Neural Dynamics, Network States and Criticality

a) Information processing in networks close to a critical state

Being at the border between regular and chaotic activity, critical network states display interesting dynamical features such as power-law distributions in size and duration of synchronous events, and they provide a rich repertoire of collective states which are potentially useful for information processing. But what role does critical behavior really play if the brain actively processes stimulus information? 

We investigate this question by relating aspects of information processing in the visual system to the dynamics in neural networks close to a critical state. In particular, we focus on mechanisms that link local features in visual scenes into global figures such as contours or textures, and evaluate conditions under which a near-critical dynamics optimizes computational performance. We also study how top-down processes modulate information integration: By integrating physiological evidence with computational work, we have been able to show that selective attention might tune the visual system to a critical state and thereby enhance stimulus representation.
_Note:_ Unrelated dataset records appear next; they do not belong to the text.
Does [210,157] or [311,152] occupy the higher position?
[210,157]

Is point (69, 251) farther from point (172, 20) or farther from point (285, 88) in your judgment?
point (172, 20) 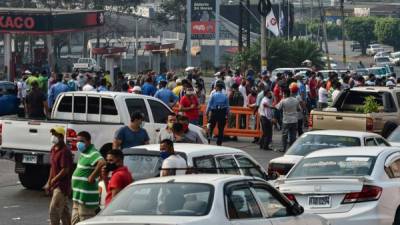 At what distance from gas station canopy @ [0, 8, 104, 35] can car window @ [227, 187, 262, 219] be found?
51451 millimetres

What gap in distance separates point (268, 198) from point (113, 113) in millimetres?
10240

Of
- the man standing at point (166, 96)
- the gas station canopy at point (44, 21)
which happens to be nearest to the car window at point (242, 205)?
the man standing at point (166, 96)

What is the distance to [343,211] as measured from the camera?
14.5 metres

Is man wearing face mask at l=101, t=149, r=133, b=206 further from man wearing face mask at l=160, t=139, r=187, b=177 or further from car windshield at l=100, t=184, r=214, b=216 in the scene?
car windshield at l=100, t=184, r=214, b=216

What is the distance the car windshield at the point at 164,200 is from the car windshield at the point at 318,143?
8987 millimetres

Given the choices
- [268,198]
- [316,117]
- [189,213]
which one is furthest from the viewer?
[316,117]

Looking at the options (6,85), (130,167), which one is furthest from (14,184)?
(6,85)

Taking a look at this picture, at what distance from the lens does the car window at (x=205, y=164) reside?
49.2 ft

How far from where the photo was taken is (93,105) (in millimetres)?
22062

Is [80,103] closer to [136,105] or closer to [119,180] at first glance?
[136,105]

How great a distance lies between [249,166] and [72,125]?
4.74 metres

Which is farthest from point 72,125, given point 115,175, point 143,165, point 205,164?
point 115,175

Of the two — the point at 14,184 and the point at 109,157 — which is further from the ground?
the point at 109,157

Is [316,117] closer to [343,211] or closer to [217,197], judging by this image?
[343,211] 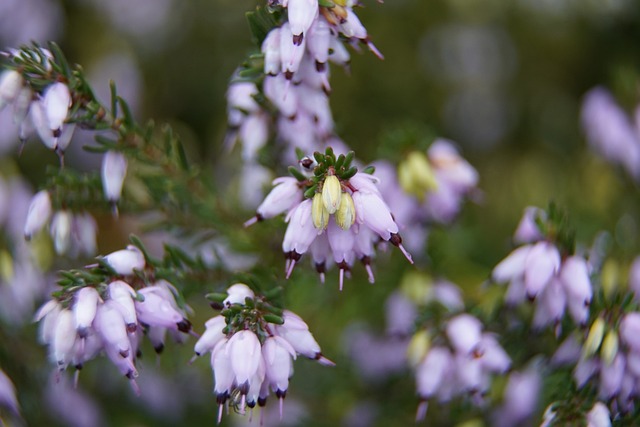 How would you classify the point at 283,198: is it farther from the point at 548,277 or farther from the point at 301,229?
the point at 548,277

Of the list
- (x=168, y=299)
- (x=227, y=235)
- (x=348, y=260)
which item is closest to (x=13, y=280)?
(x=227, y=235)

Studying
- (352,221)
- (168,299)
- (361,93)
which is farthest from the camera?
(361,93)

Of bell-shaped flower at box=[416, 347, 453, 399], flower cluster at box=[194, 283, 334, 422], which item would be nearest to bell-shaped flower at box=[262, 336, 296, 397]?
flower cluster at box=[194, 283, 334, 422]

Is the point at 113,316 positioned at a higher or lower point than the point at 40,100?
lower

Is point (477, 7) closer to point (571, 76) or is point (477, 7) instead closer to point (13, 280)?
point (571, 76)

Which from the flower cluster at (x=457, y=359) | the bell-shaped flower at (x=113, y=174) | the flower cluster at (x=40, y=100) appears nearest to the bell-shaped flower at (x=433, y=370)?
the flower cluster at (x=457, y=359)

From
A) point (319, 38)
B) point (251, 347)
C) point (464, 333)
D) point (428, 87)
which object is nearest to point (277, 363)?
point (251, 347) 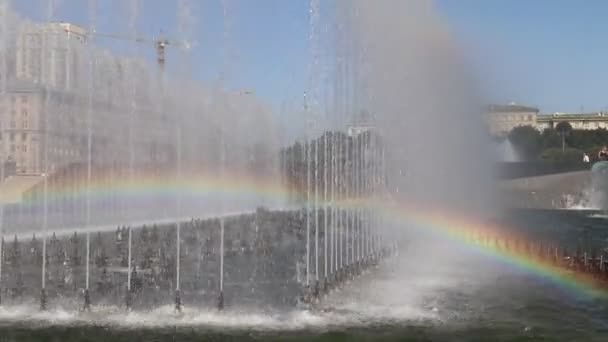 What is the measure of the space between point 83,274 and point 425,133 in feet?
58.9

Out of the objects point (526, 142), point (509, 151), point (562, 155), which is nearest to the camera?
point (509, 151)

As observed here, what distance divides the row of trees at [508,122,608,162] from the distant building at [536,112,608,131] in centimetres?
2257

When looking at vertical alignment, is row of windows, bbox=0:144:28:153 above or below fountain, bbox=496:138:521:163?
below

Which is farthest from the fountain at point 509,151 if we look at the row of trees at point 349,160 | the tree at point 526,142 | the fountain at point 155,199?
the row of trees at point 349,160

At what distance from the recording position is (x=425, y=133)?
112ft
(A) Stimulus discriminability from local field potentials generated by a balanced network of integrate-and-fire neurons (color-coded), in dependence on coupling strengths. Discriminability is maximized near critical states (blue cross) which are characterized by power laws in spike event distributions (blue graphs in panel (B)). In subcritical (green cross) and supercritical regimes (red cross), discriminability is much lower
 

Results discriminability

b) Transient dynamics and attentional modulation in visual area MT

The world is a dynamic place, and temporal changes in a scene contain important information relevant for behavior. On the neuronal level, such changes are often represented by transient increases or decreases in activity before firing rates settle into a sustained level. Our studies aim to uncover the mechanisms behind neural transients, and to quantify their impact on information processing. Hereby we closely collaborate with Detlef Wegener (Brain Research Institute, University of Bremen) and Jannis Hildebrandt (Neuroscience Department, University of Oldenburg), to tightly link computational work with physiological data. Currently, we investigate a neural circuit with DIVisive INhibition on Excitatory units (DIVINE-model - panel A), which nicely captures single-unit and population responses of neurons in area MT (panel B and C) to drifting visual stimuli subjected to abrupt changes in drift velocity. When attentional modulation is added as a multiplicative input change to our model, it turns out that the dynamics of the transients, but not the sustained states, correlate nicely with behavior.

DIVINE Model

(A) Schematic structure of the DIVINE model. (B) and (C) show two exemplary results of fitting the DIVINE model to experimental data of single cells responding to a motion onset in a Gabor stimulus (data from Traschütz A., Kreiter A.K., and Wegener D. (2015) Transient activity in monkey area MT represents speed changes and is correlated with human behavioral performance. J. Neurophysiol. 113: 890-903).